Khan of the Tatar Kazan Khanate (1st reign)
- Reign: 1524 – 1531
- Predecessor: Sahib I Giray
- Successor: Canghali

Khan of the Tatar Kazan Khanate (2nd reign)
- Reign: 1535 – 1546
- Predecessor: Canghali
- Successor: Shahghali

Khan of the Tatar Kazan Khanate (3rd reign)
- Reign: 1546 – 1549
- Predecessor: Shahghali
- Successor: Utameshgaray
- Born: 1510 Bağçasaray, Crimean Khanate
- Died: 1549 (aged 38–39) Kazan, Khanate of Kazan
- Spouse: Söyembikä of Kazan
- Issue: Utamesh
- Dynasty: Giray

= Safa Giray of Kazan =

Safa Giray (Crimean Tatar, Volga Türki, Persian, and صفا کرای) was three times khan of Kazan (1524–31, 1535–46, 1546–49). He was the nephew of the previous Kazan Khan Sahib Giray and brother of Moxammat Giray.

First reign 1524–31: In 1524 a large Russian army approached Kazan and Sahib Giray fled. His 13-year-old nephew Safa Giray took his place. The Russian siege of Kazan failed and they withdrew. In 1530 another Russian army burned part of Kazan and Safa Giray fled to Arsk. The matter was settled when a faction deposed Safa Giray and enthroned the pro-Russian Jan Ali.

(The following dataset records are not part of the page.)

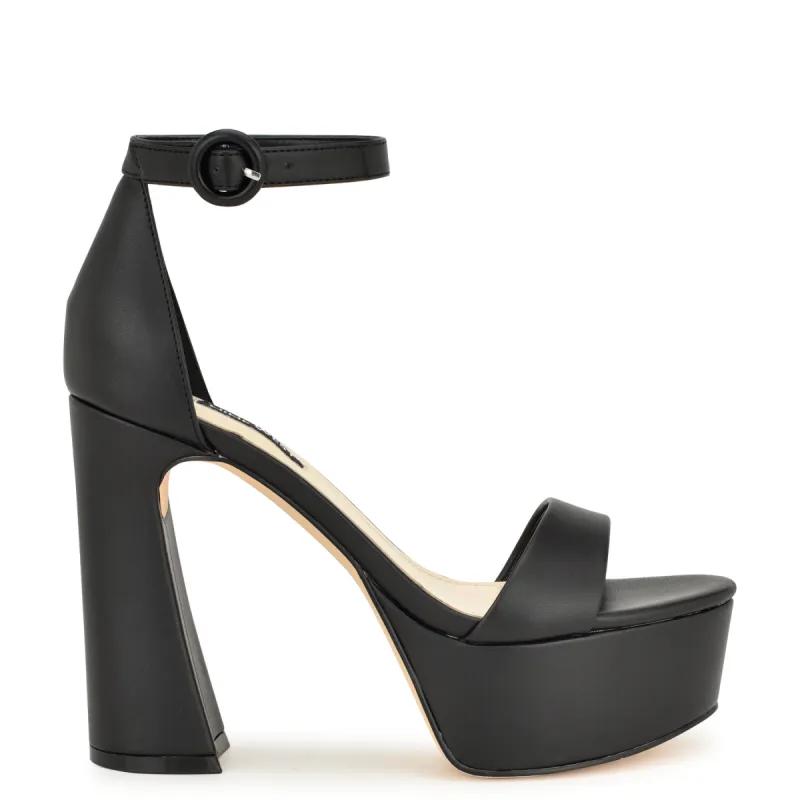 Ivana Ankle Strap Sandals sold by Nine West
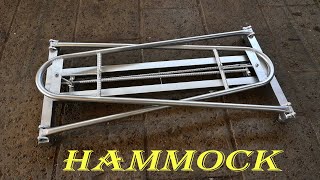 Making Hammock for heavy weight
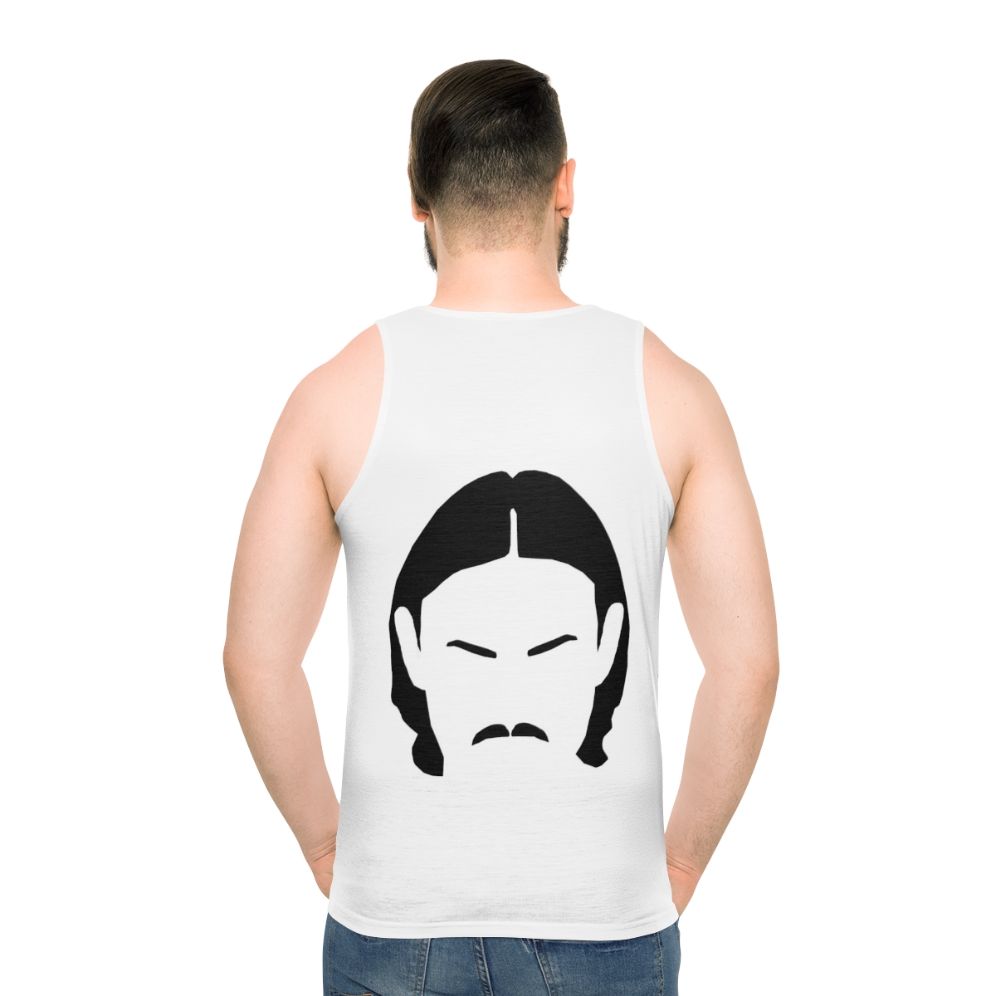 Little Big Unisex Music Fan Tank Top - men back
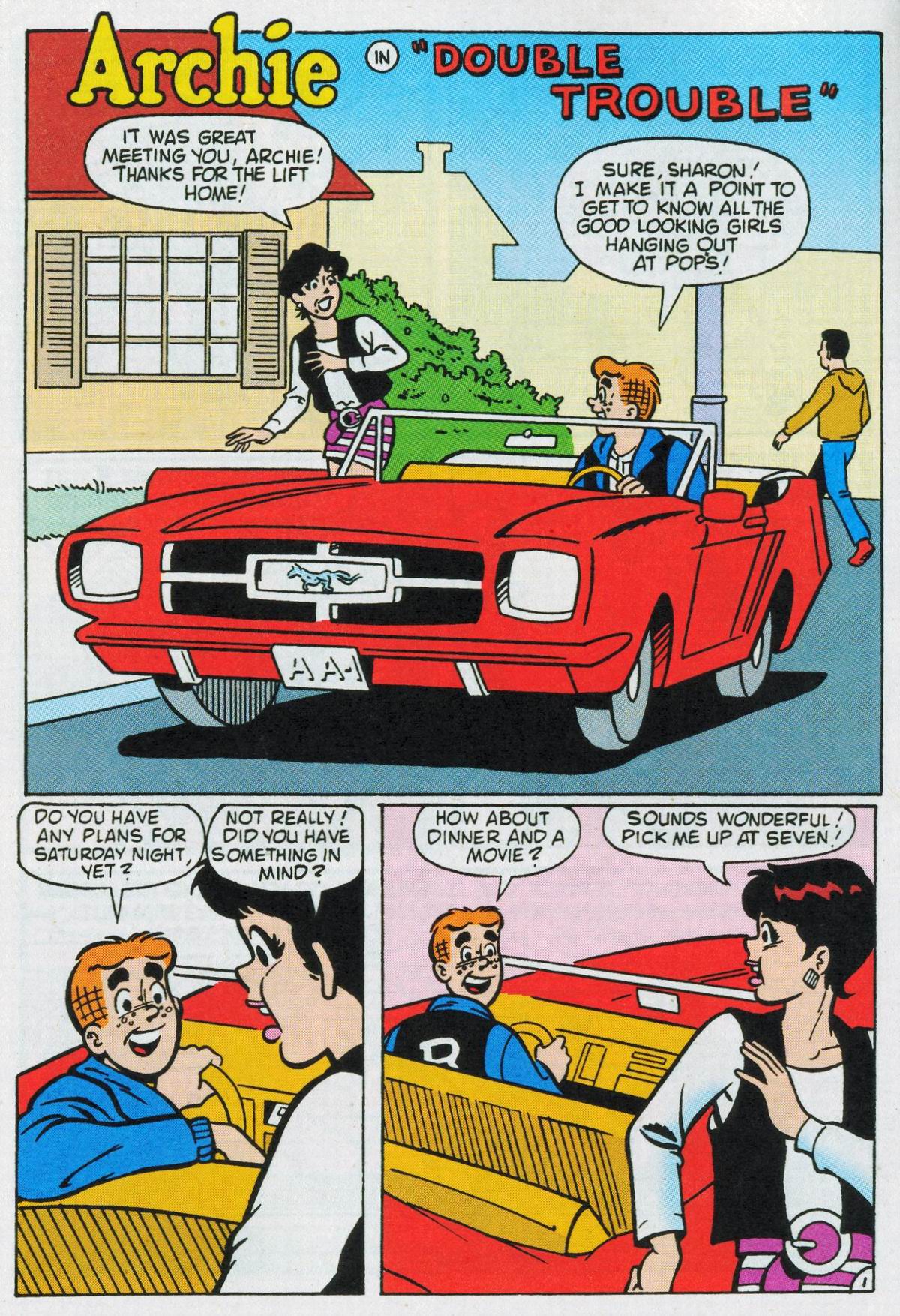 Read online Archie's Double Digest Magazine comic -  Issue #161 - 82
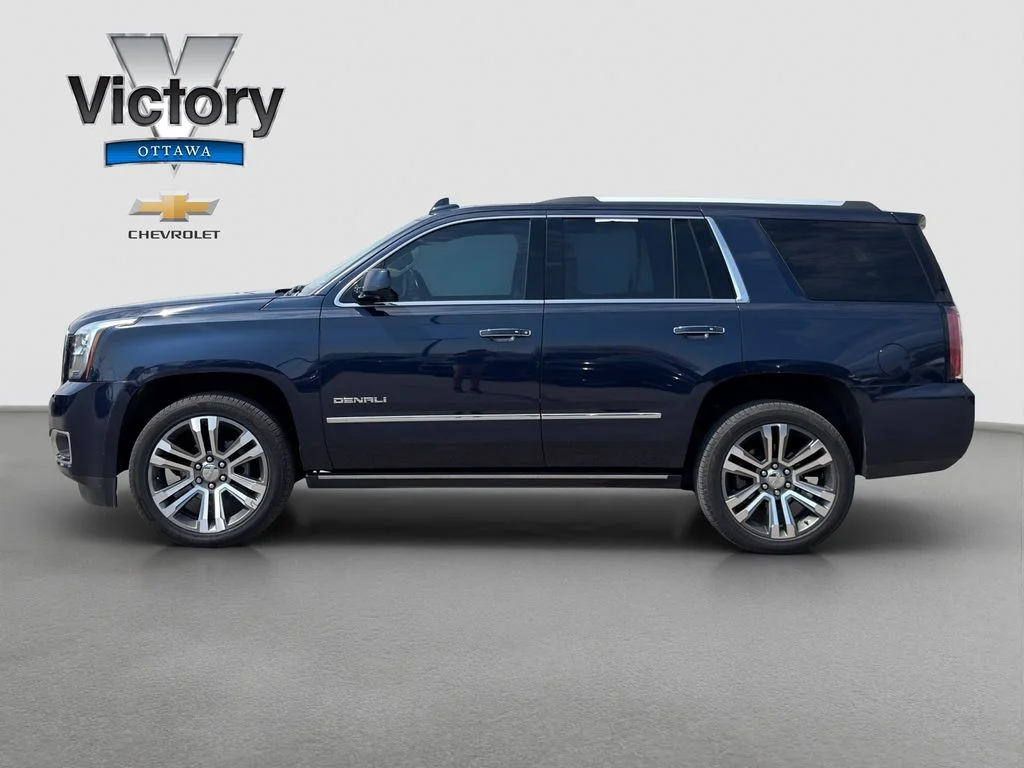Used 2018 Blue GMC Denali image 3
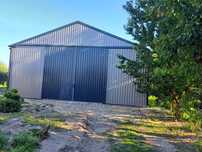 Hala magazynowa stalowa 12x20x4.5 Stal-Project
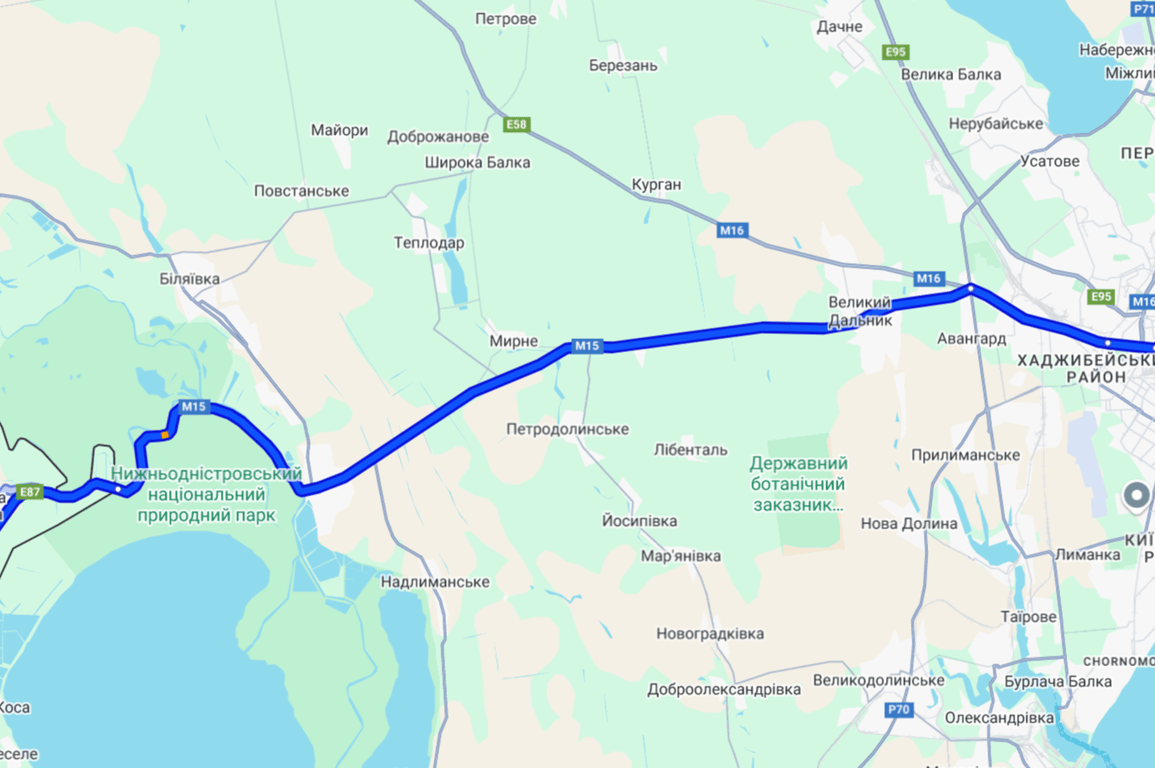 Виїзд за кордон — яка сьогодні ситуація на трасі Одеса-Рені - фото 1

Second reign 1535–46: Four years later, in 1535 the Kazan nobility expelled or killed the pro-Russian Jan Ali and Safa Giray returned to the throne. He married Jan Ali's wife or widow Söyembikä of Kazan. The pro-Russian faction wanted to enthrone Jan Ali's brother Shah Ali, but they were unsuccessful. The choice of an anti-Russian khan led to border fighting around Nizhny Novgorod. In 1537 or 1538 Safa Giray burned the outskirts of Murom and withdrew on the approach of a Russian army. In 1546 two Russian armies raided near Kazan and withdrew. In 1546 a Kazan faction revolted and Safa Giray fled to his father-in-law Yusuf of the Nogai horde. He was replaced by the pro-Russian Shahghali (Shah Ali).

Third reign 1546–49: Shah Ali soon found his position impossible and after a few months slipped out of town. Safa Giray returned with a Nogai army but Shah Ali's flight made the army unnecessary. Leaders of the pro-Russian faction fled. In late 1547 Ivan the Terrible in person led a winter campaign against Kazan, but an early thaw made the roads and rivers impassible, so he returned to Moscow. Part of the army continued, won a few battles and withdrew.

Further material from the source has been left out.